Multiple measures in H.B. 386 could have sweeping affects for residents by increasing the state income tax exemption for married couples by $2,000, doing away with the annual "birthday tax" for vehicles purchased after March 1, 2013, requiring some online retailers to collect sales tax and reinstating the sales tax holiday for school supplies and energy-efficient items.
The bill, if signed by Gov. Nathan Deal, is expected to make Georgia more competitive in its efforts to attract and retain industry and could lower many individuals' tax burdens, but it's also expected to hurt local tax revenues, which could lead to either higher local tax rates or a reduction in services.
Marriage tax exemption
Married couples will now get a larger state tax exemption just for being married.

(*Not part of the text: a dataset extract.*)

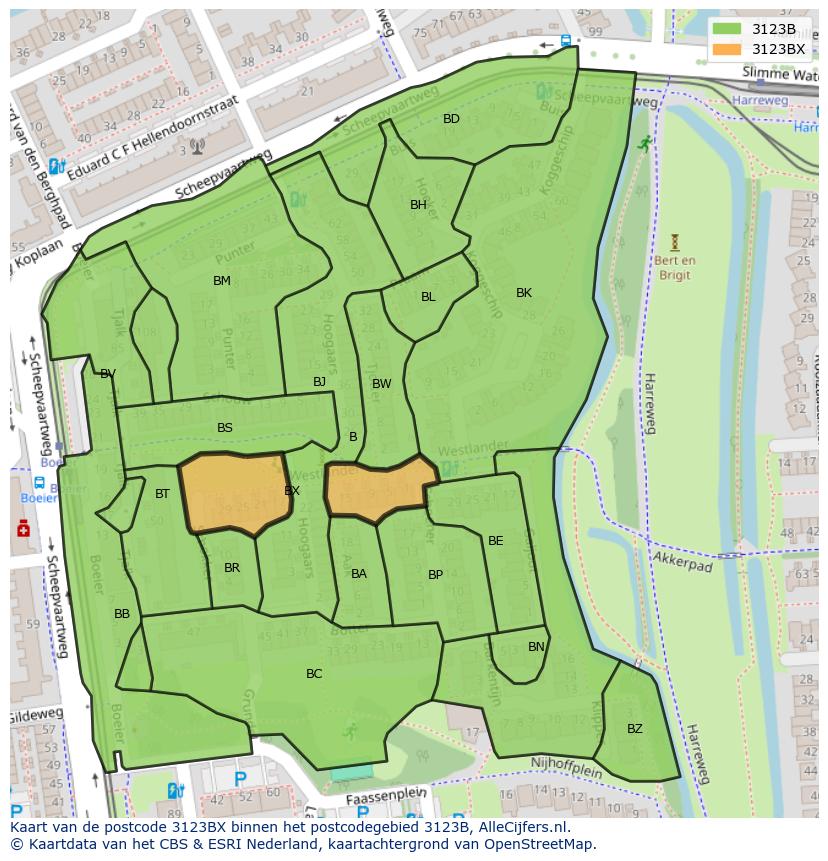Afbeelding van het postcodegebied 3123 BX op de kaart.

Currently, couples are able to exempt, or avoid being taxed, on $5,400 when they file their taxes jointly, but this bill will increase the state exemption by $2,000 to $7,400.
Car sales charges revamped
Totally revamping taxes paid on cars was one of the most significant changes in H.B. 386. Currently, Georgians pay two taxes on their car, a sales tax when they purchase the car and an annual ad valorem tax that is due on the owner's birthday.
H.B. 386 does away with both of those taxes and replaces them with a single 7 percent title fee that is charged whenever a car is registered in the state. (The fee will actually start at 6.5 percent and eventually increase to 7percent.)
All car sales will be subject to this, including sales between two private individuals; previously only sales by businesses were subject to sales tax. Sales between family members will not be affected.
"Aside from eliminating the politically-unpopular "birthday tax," this reform would increase state revenue by extending motor vehicle taxes to two types of vehicles not currently subject to Georgia's sales tax: vehicles sold between individuals ("casual sales") and autos purchased out of state," according to the budget policy institute analyst Wesley Tharpe.
Ginn Chevrolet Owner Billy Fortson said the change will level the playing field between official car dealers and individuals who buy and sell cars without a license.
"We have some people who are really in car business without a license and are not collecting sales taxes. They'll buy cars on sale and then put it in their front yard and sell it for a profit and then do the same thing again," Fortson said.
The budget policy institute estimates this will be the big revenue generator for the state, bringing in $503 million during the next three budget years and helping to offset many of the tax breaks included in the bill.
While the bill will bring in money to the state, it is likely to greatly reduce revenue earned by local counties over time. Since the 7 percent sales tax and 7 percent title fee essentially cancel each other out, residents are saving money by not having to pay annual taxes on their car.
The state captures only a very small portion of that annual ad valorem, or property, tax; however, local governments depend on property taxes for much of their revenue. Currently, on a $20,000 car, the state would collect only $2 per year, while Newton County collects $87.28 per year.
As of calendar year 2011, the county had roughly 100,000 vehicles on its digest valued at $569 million, according to Chief Tax Appraiser Tommy Knight.
As of now, only new car purchases after March 1, 2013 will be on title fee system, but by 2023 all car owners will be taken off the annual property tax system, according to the budget policy institute.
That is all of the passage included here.